Serving as a backdrop is a 164-foot-long polished granite wall etched with ghostly faces taken from photographs of people who served in the war. And, arrayed on a slight rise on the ground, the memorial is surmounted by a shallow reflecting pool and a towering American flag.

The Korean War began June 25, 1950, when Communist North Korea invaded South Korea, and it concluded with an armistice 42 years ago Thursday, July 27, 1953. The conflict pitted the Communist forces of North Korea and China against those of South Korea, the United States and a host of countries from the fledgling United Nations.

In the bitter seesaw struggle that ended roughly where it began, more than 1.5 million Americans served and 54,000 lost their lives.

Of those who served, many returned Thursday.

They came from Kuttawa, Ky., and Ontario, Canada; from Sanford, N.C., and Ipswich, England; from Columbus, Ga., and North Queensland, Australia.

They wore kilts and berets and overseas caps, and sweated through T-shirts and medal-covered vests that proclaimed what outfit they were in so long ago.

Many sported paunches and faded tattoos. Some carried canes, or used crutches, or were pushed in wheelchairs.

But when they spoke, they spoke about bloody and terrible and glorious places: Inchon, Chosin, Koto-ri, Hill 355, also known as Little Gibraltar. Sometimes they didn't know the official name of the place seared into their memories. ``Just put in `the apple orchard,''' Tom Pulliam, 71, said of a bloody spot he recalled. ``Everybody'll know where it was.''

For many, the names of the places brought tears.

A short time before the festivities, Russell Kingston, 64, of Kuttawa, Ky., and Oren Hanbaum, 68, of Paducah, Ky., stood outside the fenced-off ceremonial area wondering how to get in.

Both men wore the maroon overseas caps of the Western Kentucky Chapter of American Ex-Prisoners of War. Hanbaum used metal crutches, a result of his treatment while imprisoned.

Both men had been Army riflemen. Hanbaum, who was in the 2nd Infantry Division, was captured May 17, 1951, when his unit was overrun by the Chinese near the 38th Parallel around the middle of Korea.

``We had been back in a rest area'' and had just returned to the front lines.
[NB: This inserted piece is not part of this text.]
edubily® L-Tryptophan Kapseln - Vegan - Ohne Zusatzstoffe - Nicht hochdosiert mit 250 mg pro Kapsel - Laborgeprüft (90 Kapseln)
It was at night. He and a buddy had just come down from the perimeter, had returned to their foxhole and covered themselves up with their tent.

Suddenly they heard a commotion and some shots being fired. Someone yanked the tent off, and Hanbaum and his pal were staring up at six Chinese with burp guns.

``We had nothing else to do but put up our hands,'' he said.

``Nobody knows the trauma you experience when you have to put up your hands and surrender,'' Hanbaum said. His eyes filled with tears, and he turned away.

``We marched for 41 days and nights,'' he said, before reaching a prison camp near the Chinese border. Hanbaum said he was treated brutally.

Kingston said he and his entire company had been overrun by the Chinese near Unson, North Korea, in early November 1950. He and some comrades managed to elude the enemy until Nov. 18.

Their capture came after he and five buddies had sought shelter in a hut in a tiny village. ``We was all froze out, hungry, no water,'' he said.

There was a small fire burning in a hibachi, and Kingston was just leaning over to light a cigarette when the sliding door was pulled open and an enemy soldier stuck a huge pistol to his forehead.

Kingston, a farmer's son, endured the rest of the war in severe captivity. ``If I hadn't been a country boy, I'd couldn't have stood it,'' he said.